The Petroleum and Natural Gas Senior Staff Association of Nigeria (PENGASSAN) reiterated that its position on the petroleum sector reforms remains the same whether the PIB is a single document as was the case in the 2009 and 2012 PIBs or broken into parts as is currently done. In line with global best practice, the Minister and the Ministry of Petroleum should be concerned with broad policy framework and not with the day-to- day running of the industry while the regulator is allowed to carry out its regulatory functions with little or no interference. On this score, PENGASSAN draws enviable parallels from the powers of other Ministers vis-a- vis the Nigeria Communications Commission (NCC) and Nigerian Electricity Regulatory Commission.(NERC).
PENGASSAN also argues that ignoring the concerns of the Nigerian workers will be counterproductive, if not catastrophic. Provisions should be included to ensure that ALL companies and organisations operating in the Nigerian oil and gas industry comply with all international labour conventions; the collective agreements with the labour unions and the extant labour laws as a minimum in all their dealings with the Nigerian workers and their representatives.

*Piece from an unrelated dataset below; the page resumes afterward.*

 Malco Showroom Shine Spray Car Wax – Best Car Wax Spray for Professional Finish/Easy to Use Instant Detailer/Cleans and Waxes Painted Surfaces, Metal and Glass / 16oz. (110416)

Dr. Obong Victor Attah of the Pan Niger Delta Forum (PNDF) suggested that the term, ‘host communities’ is derogatory and should be replaced with ‘oil producing communities’. He disclosed that 4 out of 5 oil fields recently discovered in Lagos state are owned by the states whereas oil-producing states in the Niger Delta region do not enjoy this same advantage. He requested that the PIGB should include a provision allowing this benefit for all the oil producing communities, and as is being done in the extractive industry.